Some unscrupulous dealers convicted of engaging in illicit trade are exploiting a loophole in the law allowing them to settle such cases out of court.
The Anti-Counterfeit Agency believes this is protecting those convicted from the full impact of the legal process.
According to the latest report by the Anti-Counterfeit Agency in 2018, two hundred and three illicit trade cases were filed in court with fifty-seven of them opting for out of court settlements.
Statistics indicate that counterfeit goods account for 40% of goods in the local market share with 70% of them imported through porous borders.

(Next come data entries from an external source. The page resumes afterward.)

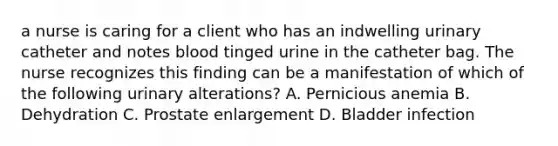 a nurse is caring for a client who has an indwelling urinary catheter and notes blood tinged urine in the catheter bag. The nurse recognizes this finding can be a manifestation of which of the following urinary alterations? A. Pernicious anemia B. Dehydration C. Prostate enlargement D. Bladder infection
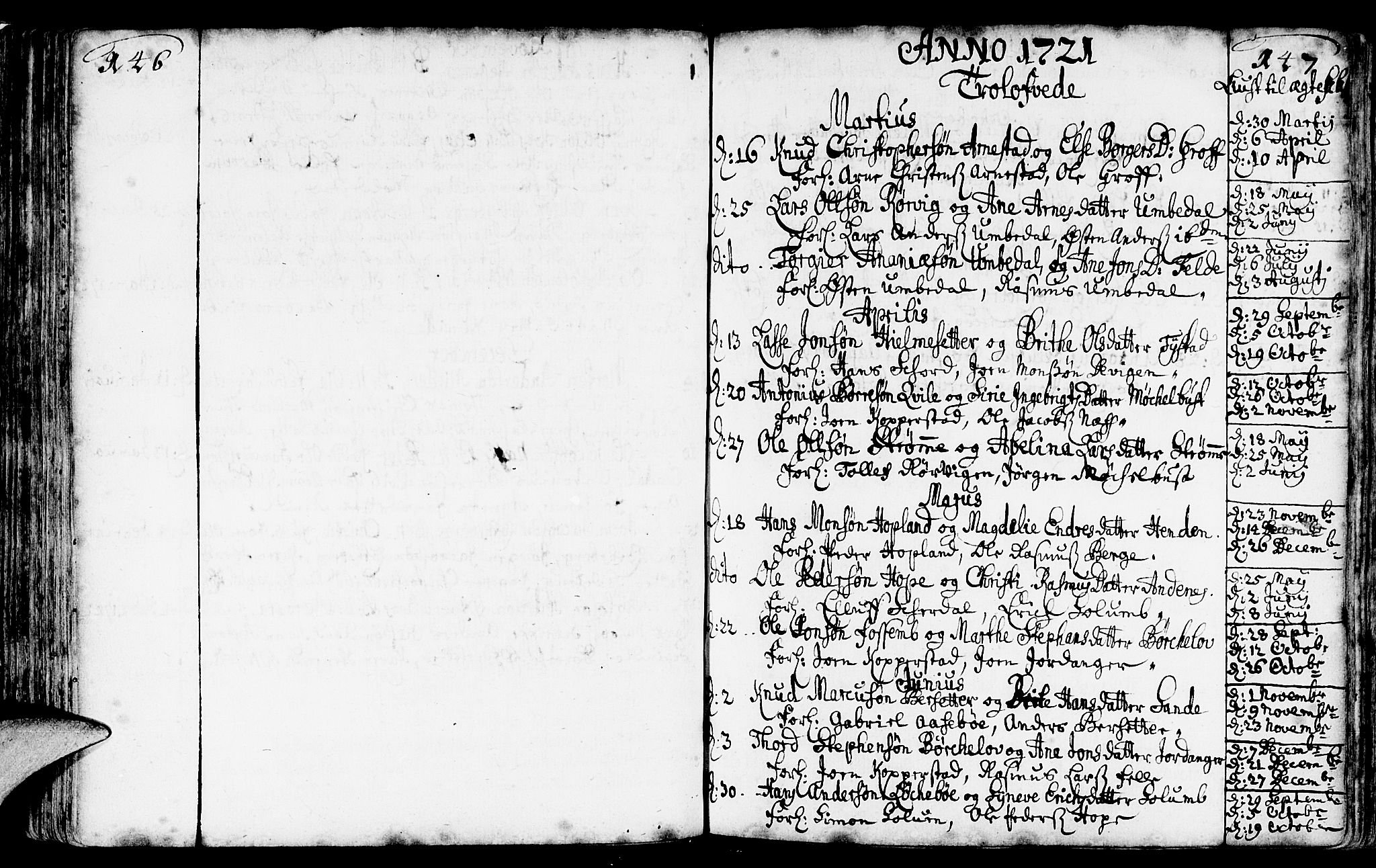 Gloppen sokneprestembete, AV/SAB-A-80101/H/Haa/Haaa/L0002: Parish register (official) no. A 2, 1712-1735, p. 146-147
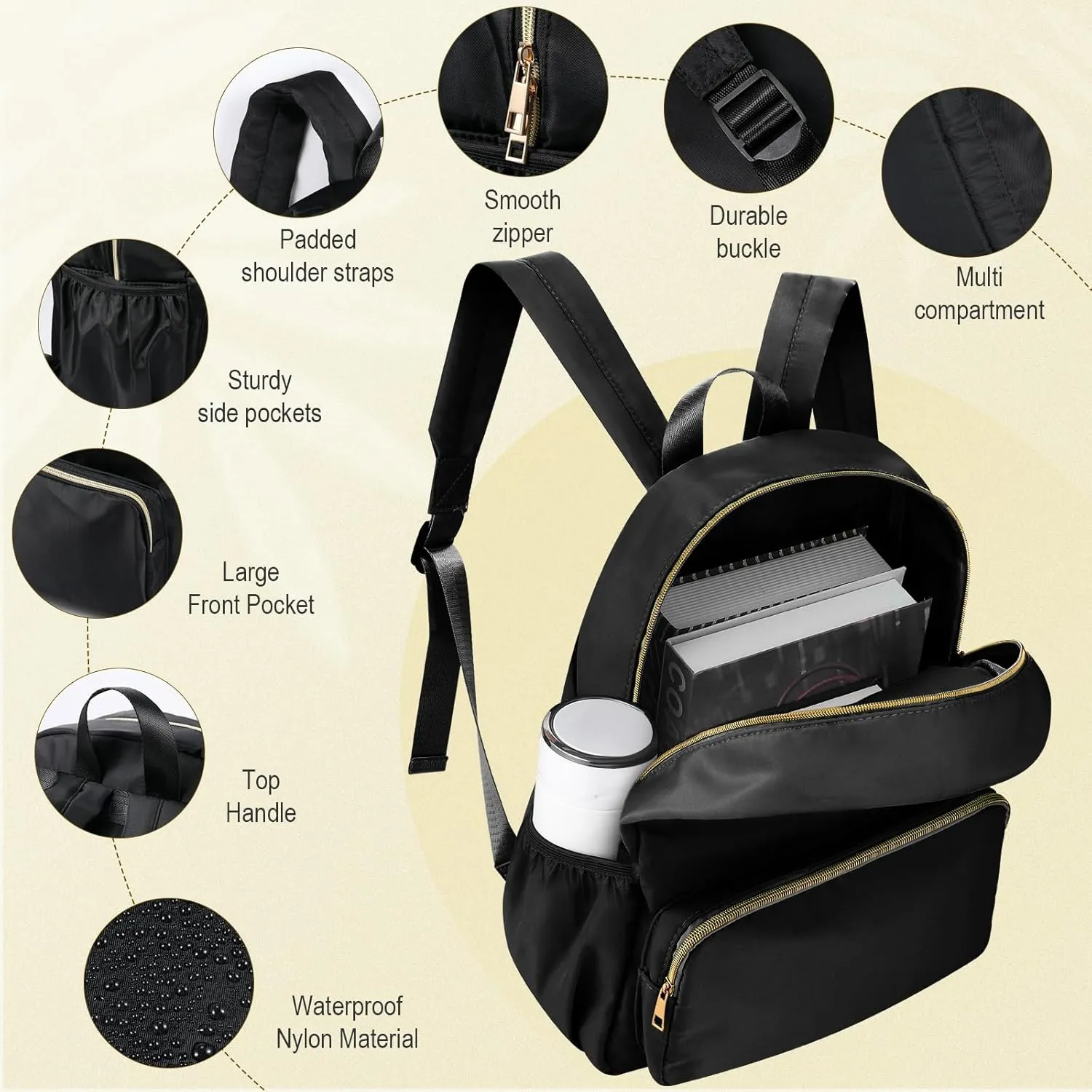 Cunno 1 Piece Nylon Backpack for School Preppy Bookbags Bulk Girls Boys School Bags Toddler Backpack Waterproof Travel Bag (Black)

The latest report by the Anti-Counterfeit Agency indicates that electronics including mobile phones, computers and television sets are the most counterfeited at 66.9% with stationary items such as writing pads being the least counterfeited.
They believe lenient laws are undermining efforts geared at fighting illicit trade since most dealers convicted for engaging in illicit trade capitalize on alternative dispute resolution mechanisms once found culpable; to skip full prosecution.
The anti-counterfeits agency says there is an increase in counterfeiting cases in the digital space due to challenges in verification of the products sold on Instagram or Facebook and lack of regulation of the internet.
Currently, statistics indicate that 19 percent of Kenyans buy counterfeit goods knowingly while 81% of them purchase the fake goods unknowingly.